Carne, ouro e formigas

Elina Löwensohn digna como femme fatale.

Talvez resulte incompreensível. Mas sou bastante defensor do trabalho de Hélène Cattet e Bruno Forzani. Os realizadores belgas volvem deleitar-nos com uma obra que leva a sua já reconhecida impressão.
Desde inícios do presente século exploraram o thriller de estilo italiano em diversas curta-metragens (Chambre jaune, L’etrange portrait de le dame en jaune) e que cristalizaria numa belíssima obra seminal, inauguradora dum sub-género neo-giallo que parece não acabar de consolidar-se. Trata-se de Amer, onde os elementos tópicos do giallo são reordenados para compor uma original história sinistra em três actos sobre o trânsito que realiza uma mulher desde a infância e a puberdade, até a madurez sexual. Depois participaram na antologia The ABCs of Death com a curta experimental O is for Orgasm. Com o mesmo espírito, um ano mais tarde apresentaram a sua segunda longa L’étrange couleur des larmes de ton corps; filme muito especial a nível visual, mas certamente chato à hora de discernir uma linha narrativa clara. Dentro da ininteligibilidade, assistimos à desesperada procura duma mulher desaparecida por parte do seu marido. Uma procura que se desenvolve na própria morada do casal, um majestoso prédio de estilo art nouveau, com corredores segredos e esquisitices díspares.

Laissez bronzer les cadavres! é um spaghetti western contemporâneo.

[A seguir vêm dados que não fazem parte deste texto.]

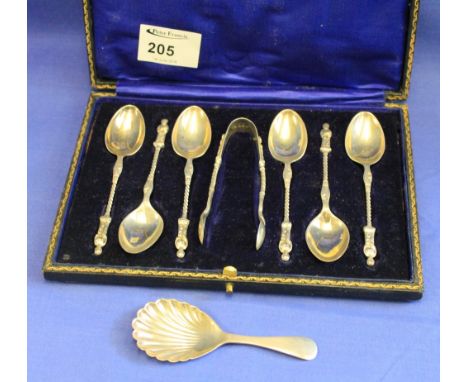 Cased set of silver apostle spoons, Sheffield hallmarks together with silver shell design tea caddy spoon.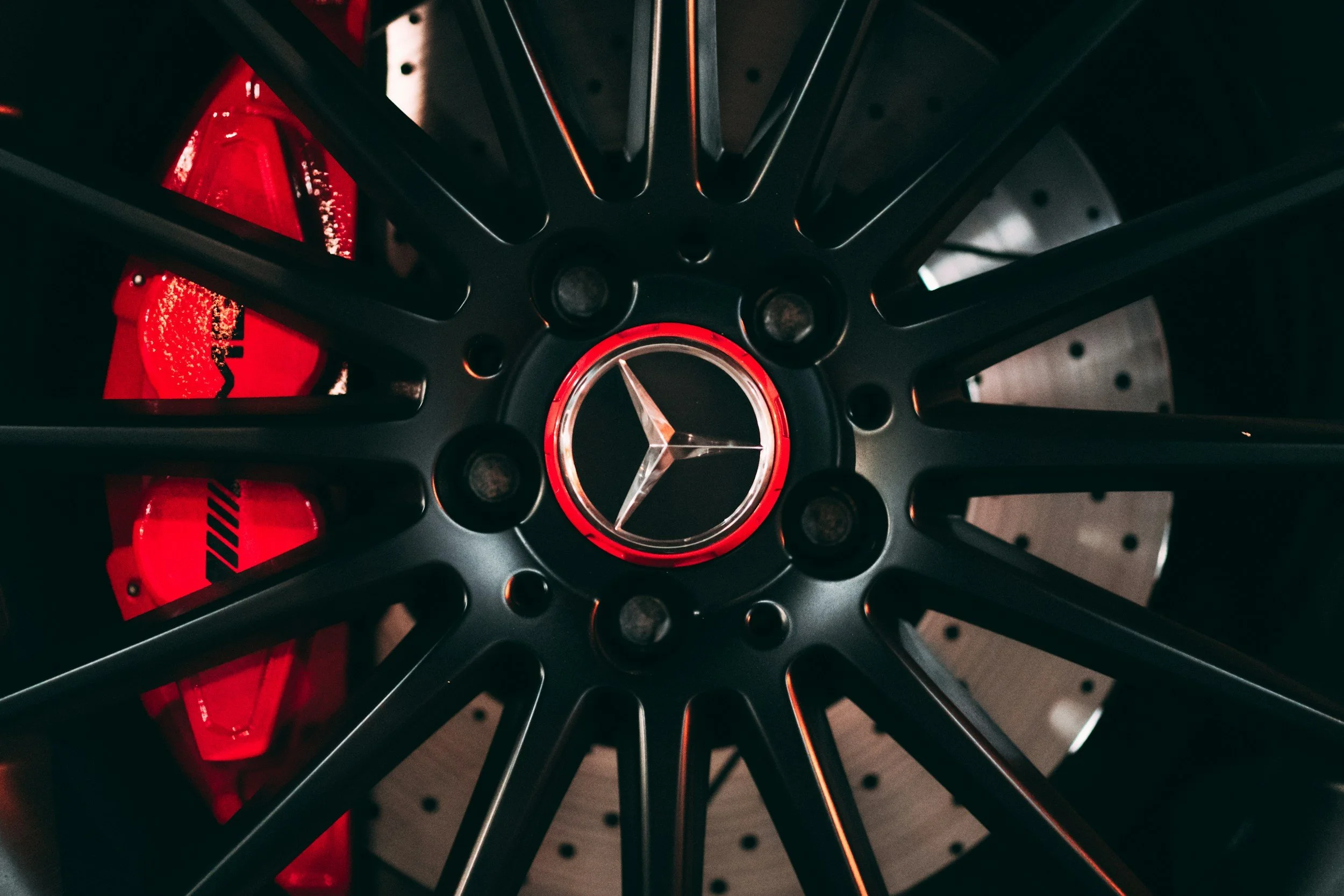 Close-up of a black Mercedes-Benz wheel with a red brake caliper behind it.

Com Laissez bronzer les cadavres!, Hélène Cattet e Bruno Forzani afastam-se do giallo; mas não vão demasiado longe. O filme é uma adaptação do romance hard boiled homónimo de Jean-Pierre Bastid; algo que poderia ter dado num produto neo-noir, mas que acaba por ser um spaghetti western moderno e experimental. Nele, a pintora Luce (Elina Löwensohn) convive numas ruínas duma ilha mediterrânea com o escritor alcoólico e ex-amante Max Bernier (Marc Barbé), e o actual partenaire Brisorgueil (Michelangelo Marchese). Este último tem três amigos na ilha que, aproveitando uma compra de carne numa vila próxima, assaltam um furgão cheio de barras de ouro. Decidem refugiar-se nas ruínas com os artistas, mas no caminho topam a ex-mulher do escritor, o seu enteado e a babá; quem exigem ser levados até Max. Os rufias decidem fingir normalidade e dar boleia, acrescentando tensão familiar nas ruínas ao difícil plano de ocultação da pilhagem. Os únicos ingredientes que faltam para que o cocktail vire numa explosão de sangue e chumbo é a aparição imprevista de dois agentes da polícia. À luta pela supervivência, acrescenta-se a aparição de desconfianças entre a banda de assaltantes sobre o destino do ouro roubado.

O simbolismo é omnipresente num filme narrativamente complexo.

Laissez bronzer les cadavres! é um autêntico festival para os sentidos, algo que começa a ser costume nos belgas. A narração “realista” está dominada pela criatividade da montagem, com muita presença dos planos-detalhe, montagem paralela, filtros, etc. Aliás, a narração está salpicada de sequências de natureza onírica duma sensualidade desmedida e fetichista; representada num jogo cromático e simbólico de luzes e sombras que em muitas ocasiões remete aos giallos de Sergio Martino. A dura sonoridade dos disparos vai acompanhada por uma elegante reciclagem de clássicas trilhas sonoras autoria de Morricone ou Nico Fidenco; melodias tomadas não por acaso de filmes como La route de Salina, Faccia a Faccia ou Giornata Nera per l’Ariete.

As cenas oníricas são uma verdadeira maravilha.

No avesso deste brilhante exercício de estilo está a própria história. O protagonismo da forma situa num claro plano secundário o contido que, de modo evidente desde o incidente desencadeante, peca de falta de ritmo. Seja como for, na minha qualidade de torcedor destes realizadores, espero com impaciência o neo-giallo que anunciaram em Sitges e que pretende encerrar a trilogia iniciada com Amer.

  • A favor: Delícia sensorial.
  • Em contra: História demasiado complexa e terceiro acto demasiado dilatado.